All that said - let’s not forget about small data. Former McKinsey consultant Allen Bonde has noted that big data is about machines and small data is about people.
For many companies, email marketing reports, google analytics and other website analytics can be readily used in addition to internally generated transactional reports. This data tends to be activity-oriented data, locally-sourced, easily accessible and can be used to deliver immediate results.
Companies can mine small data far more easily to generate insights to drive marketing initiatives including cross-sell and upsell opportunities, marketing spend analysis and the like. However, as with any data analysis project it is important to:
define the business problem being addressed
identify the data sources to be utilized
ensure the integrity of the data
Given the current hype around analytics, there is a risk that business users may jump right in expecting their software tools will automatically identify the right questions and the answers. In fact, some of the cloud based services, such as those from IBM’s Watson Analytics and SAS do a great job at this as well as more visualization oriented tools such as Tableau. However, companies will yield the greatest ROI by ensuring that they take a rigorous approach to what they want to achieve from their data analysis project.

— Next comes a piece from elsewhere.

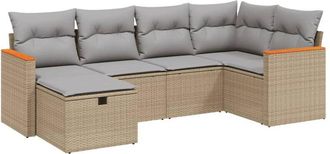 vidaXL Juego De Sof&aacute;s Jard&iacute;n Con Cojines Beige Mezcla 6 Pzas Rat&aacute;n Pe Vidaxl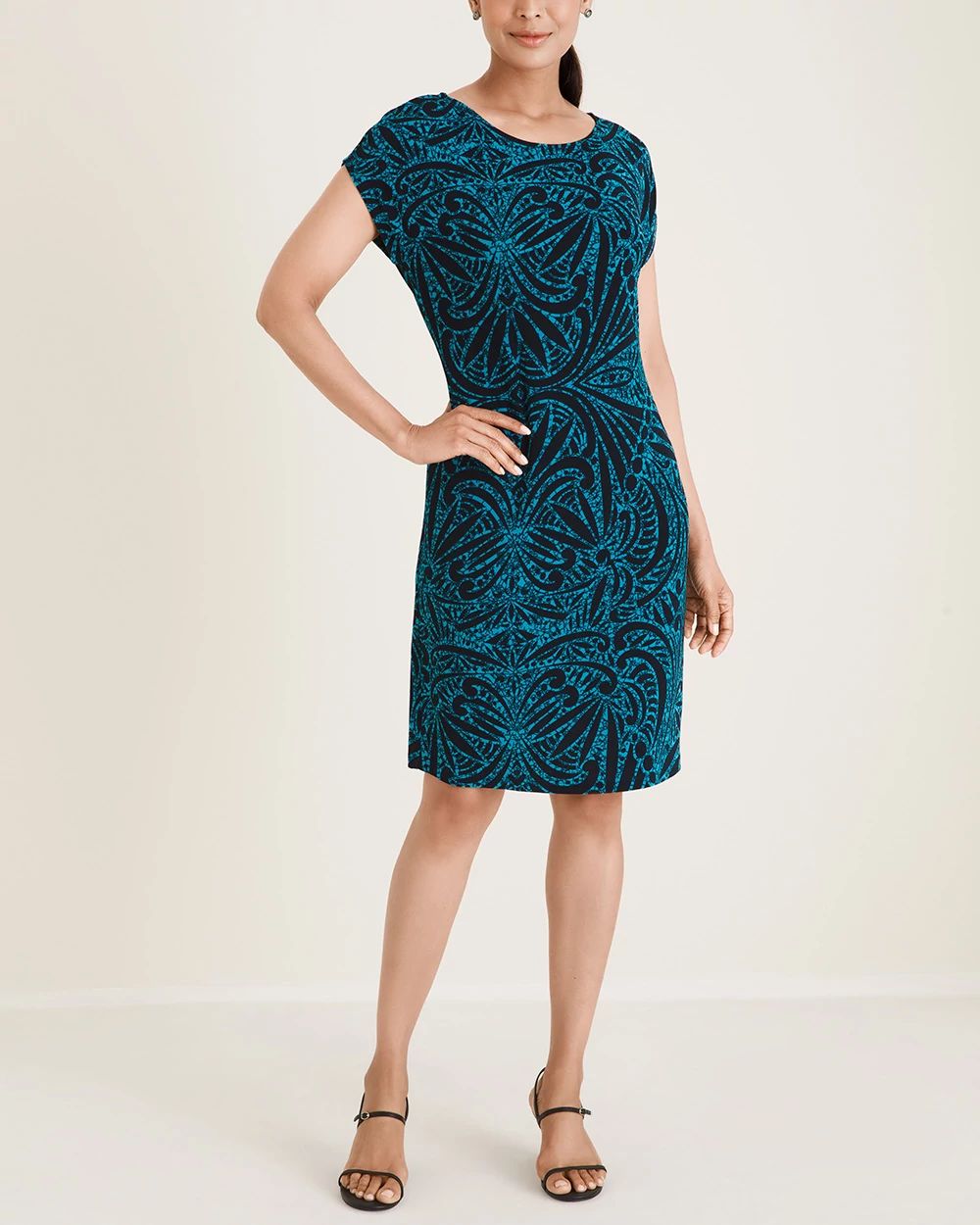 Travelers Classic Printed Cap-Sleeve Dress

Once this is done, the business will be in a better position to identify the best data sources to achieve their objective. Companies may find that internally generated spreadsheets are useful, transactional reports from ERP systems such as Salesforce or their accounting systems, as well undertaking customer surveys or aggregating other third party data can quickly and cheaply help improve the quality of data being analyzed.
The heavy lifting of data cleansing then needs to be completed to ensure that missing, incomplete, inaccurate or duplicate records are identified and treated appropriately.
Once done, the company will be in a position to start generating insights specific to the business problem being addressed and quickly implement processes to drive an improved ROI. And, who knows, maybe then they will have the experience, confidence and budget to move on to Big Data!